The Atlantic reported:

Paxlovid is a paradoxlovid. The game-changing antiviral swooped in during the pandemic’s worst winter with the promise of slowing COVID deaths to a trickle. But since it became widely available this spring, death rates have hardly budged. According to the White House, the problem is not the drug but the fact that too few people are taking it.

A recent CDC report found that from April to July, less than one-third of America’s 80-plus-year-olds with COVID ended up taking Paxlovid, even though they had the most to gain from doing so.

What gives? Some Americans may be having trouble accessing Paxlovid, but clearly, a significant proportion of patients and doctors are just saying no to antiviral drugs. There are no national statistics on Paxlovid refusal, so I talked with physicians around the country to learn more about their motivations. Who are the anti-Paxxers, and how dangerous is their dogma?

Rebound COVID came up again and again when I asked doctors why their patients are hesitant to take Paxlovid. The link between the drug and a return of symptoms after an initial recovery has been the subject of much concern and debate since the spring; just last week, researchers reported in a study that has not yet been peer-reviewed that symptom rebound is more than twice as common among Paxlovid takers than among those who decline it.

The fact that so many prominent figures in the federal government — including President Joe Biden, First Lady Jill Biden, CDC Director Rochelle Walensky and White House Chief Medical Adviser Anthony Fauci — have now had rebound certainly doesn’t help inspire confidence.

Senators Call for Release of COVID Vaccine Agreements

The Epoch Times reported:

Four Australian senators have lodged an order for the release of contracts between the federal government and pharmaceutical companies for the production of COVID-19 vaccines.

The senators will lodge the motion on Nov. 22, 2022, for the current Labor health minister to release agreements with Pfizer, AstraZeneca, Moderna and Novavax, including details on vaccine efficacy, side effects and supply of the jab.

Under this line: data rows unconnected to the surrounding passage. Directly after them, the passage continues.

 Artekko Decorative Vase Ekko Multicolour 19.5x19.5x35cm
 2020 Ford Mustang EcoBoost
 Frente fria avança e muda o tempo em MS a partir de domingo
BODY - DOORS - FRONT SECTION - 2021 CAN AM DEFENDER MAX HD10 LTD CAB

Further, the motion will ask for documents outlining any “indemnity, guarantee, waiver or release of liability” provided by the Australian government to pharmaceutical companies.

Japan to Grant Emergency Approval to Shionogi COVID Drug

Reuters reported:

Japan on Friday said it would grant emergency approval to Japanese drugmaker Shionogi & Co Ltd’s (4507.T) COVID-19 drug, making it the first domestically developed oral drug for patients with mild symptoms.

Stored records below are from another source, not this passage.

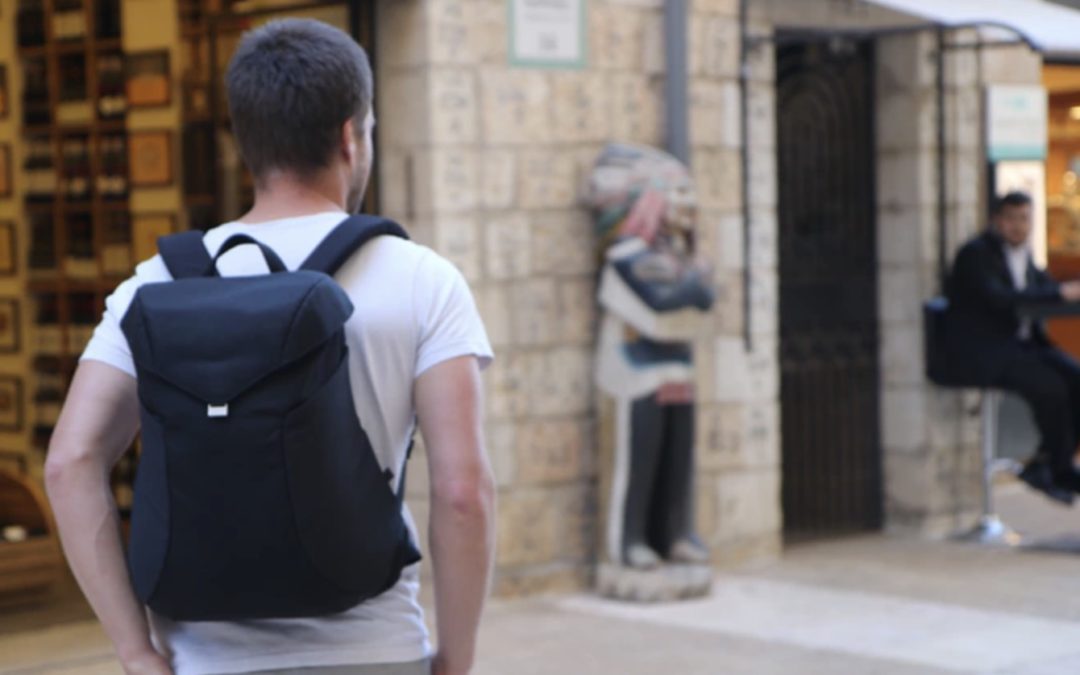 Kickstarter – Jay Daypack – a pack that gives your body a break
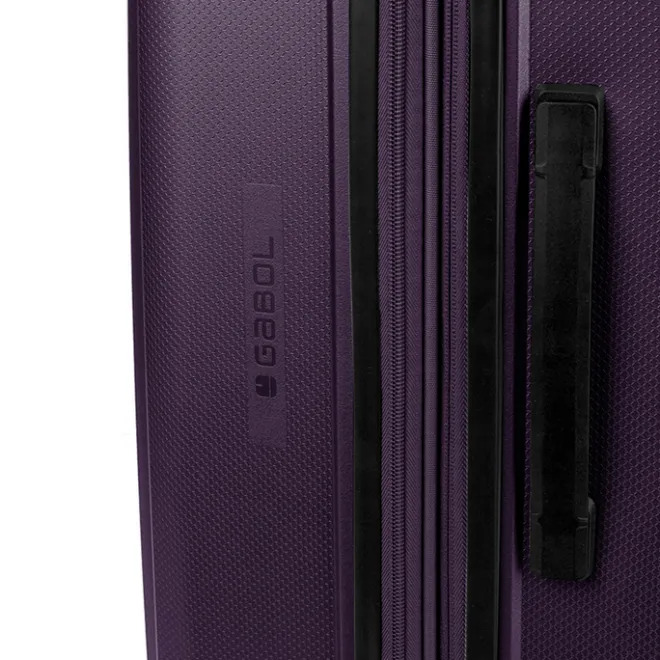 Hot Gabol Brooklyn Medium Trolley Expandable purple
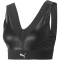 PUMA Elektro Sommer Mid Impact Sport-BH Damen 01 - PUMA black S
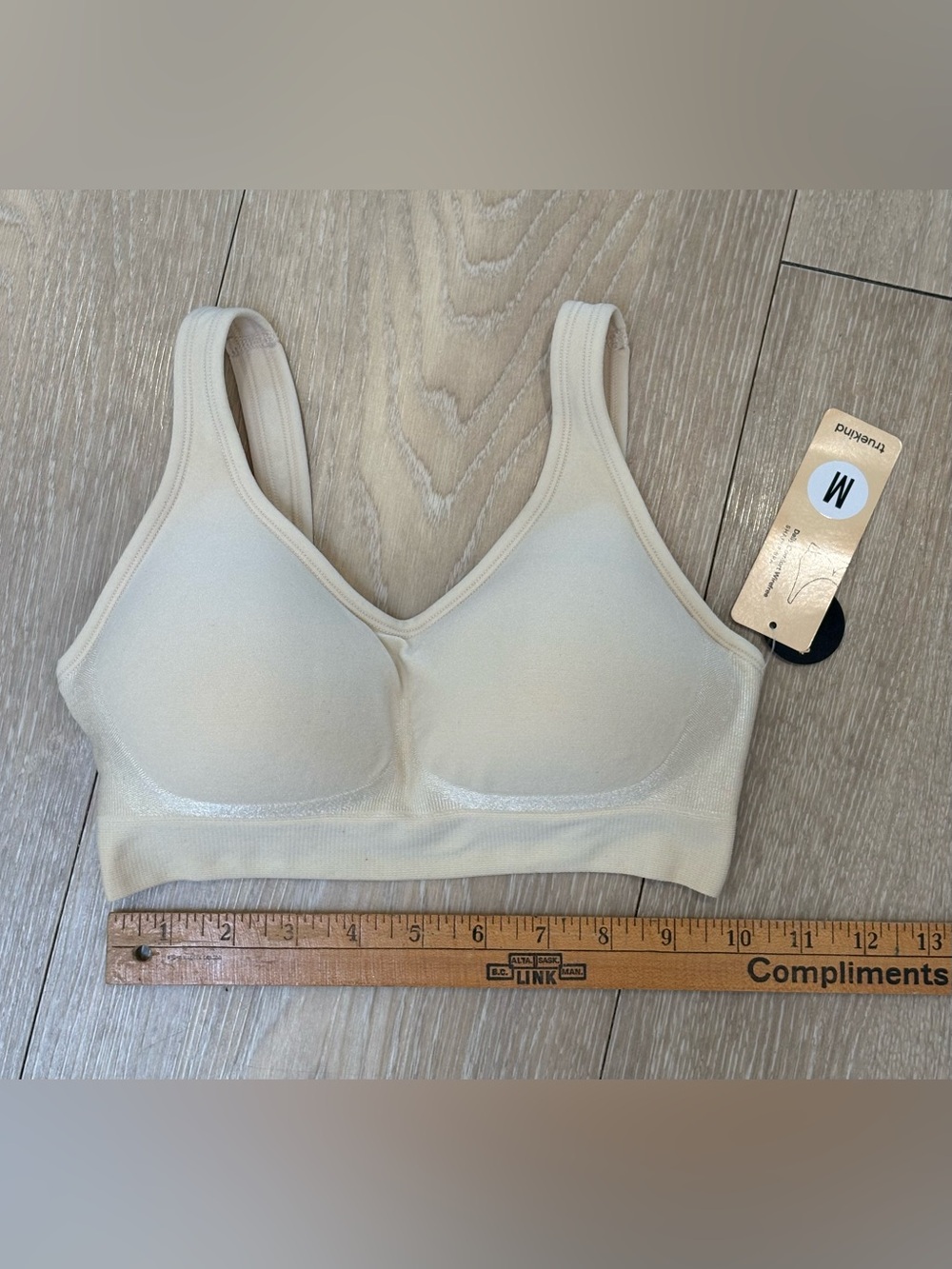 NWT truekind Bra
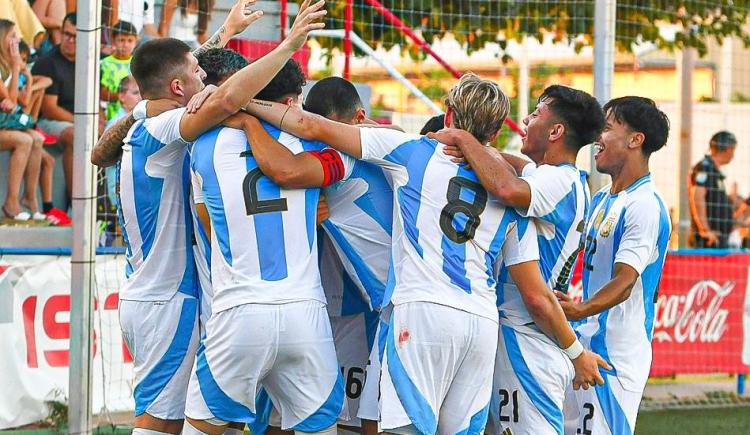 Imagen de Argentina, a paso firme en el Torneo de L'Alcúdia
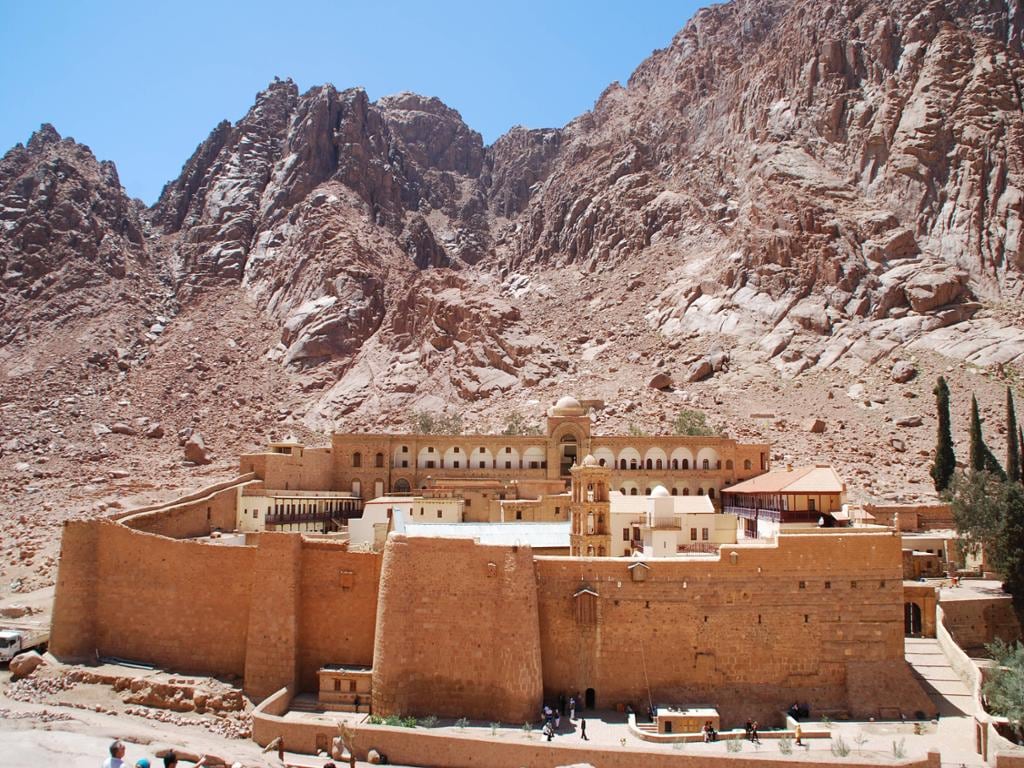 St Catherine Monastery with Lunch - Full-Day Tour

Regulators in Japan had previously denied emergency approval for the Shionogi pill, saying they wanted to see more data on its effectiveness. There were also concerns the drug could pose risk to pregnancies, based on results from animal studies.

Health Minister Katsunobu Kato announced the decision on the oral drug, known as Ensitrelvir, after approval was granted by a health ministry panel. The company has signed an agreement to sell about a million doses to the government, pending the drug’s approval.